Debate on waste incineration


Madam, - If Donal Buckley (Head 2 Head, June 11th) had taken the time to attend the recent oral hearing into plans for the proposed Poolbeg incinerator, he might well have been considerably less dogmatic about the benefits of this technology and the proposed location.

He would have learned that incinerators are being closed down all over the US, and that there is only one new incinerator being built in Europe, because the economics of their operation are so unfavourable. He might have been surprised that the "waste to energy" plant, should it be allowed, would most probably increase the cost of waste collection by a factor of three on present figures, which even Ibec might find distressing.

He would have found that the situation regarding harmful discharges is still open to question, partly because it is not possible to measure very low levels of dioxins and because the effects of micro-particulate matter are still under investigation. He would have heard that some German incinerators are having to import waste because recycling has succeeded so well that the waste available no longer has enough calorific value to support the furnaces.

He would have also learned that the proposed 600,000 tonne throughput at Poolbeg would generate 120,000 tonnes of waste, classified as "bottom ash", which would have to be landfilled or shipped abroad for disposal, again incurring shipping costs and a subsidy to the receivers. And his surprise might have increased further when he found it was proposed to erect this "facility" in an aluminium-clad building with a footprint bigger than that of Croke Park, higher than Liberty Hall and with two steel chimneys higher than the Spire - yet Dublin City Council feels it would not damage the amenity value of Dublin Bay!

Truly, it is time the citizens woke up. Both the European and national waste strategies put "reduction" as the key technology for dealing with the waste problem. This, of course, might have some impact on business, which may explain Ibec's stance. - Yours, etc,

MAURICE BRYAN,  Conservation Adviser, Butterfield Park, Dublin 14.
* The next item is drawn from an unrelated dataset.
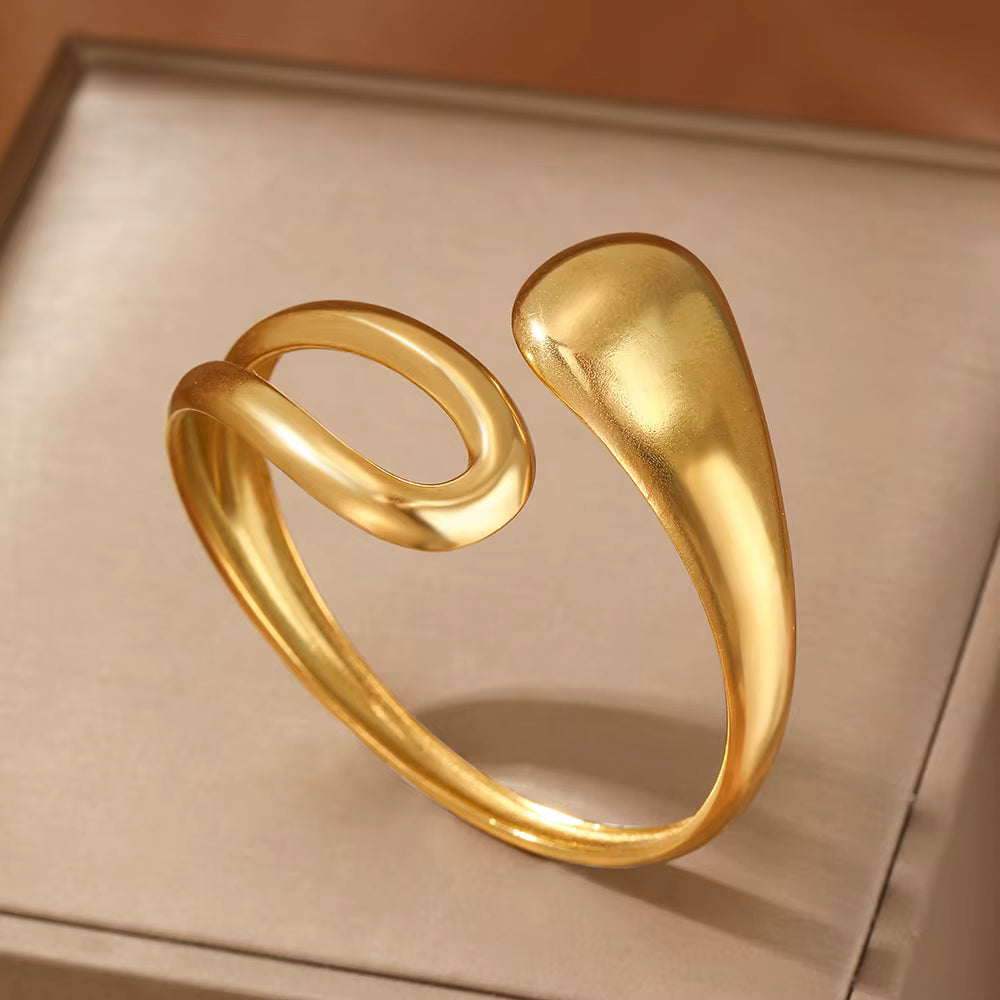 Minimalist Gold Open Cuff Bracelet – Modern Sculptural Adjustable Bangle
Madam, - Mary O'Leary of Chase (Head 2 Head, June 11th)refers to the appointment of Laura Burke to the board of directors of the Environmental Protection Agency.

I wish to point out that Laura Burke competed in an open competition for the position of EPA director and was interviewed by a committee established under the EPA Act 1992 and 2003. That committee comprises the Secretary to the Government, the Secretary of the Department of the Environment, Heritage and Local Government, the chairperson of the council of An Taisce, the managing director of the Industrial Development Authority, the general secretary of the Irish Congress of Trade Unions and the chief executive of the Council for the Status of Women.

To suggest, as the article did, that this committee selected Laura Burke because of her previous employment in the waste incineration industry does a grave disservice to the committee, to Laura Burke and to the EPA. For the record, Laura Burke is a valued member of the EPA board who continues to contribute positively to the agency's work. To avoid any real or perceived conflict of interest, she took no part whatever in the decisions on the licensing of Indaver's waste incinerators. - Yours, etc,

NIAMH LEAHY, EPA Media Relations Officer, Johnstown Castle Estate, Co Wexford.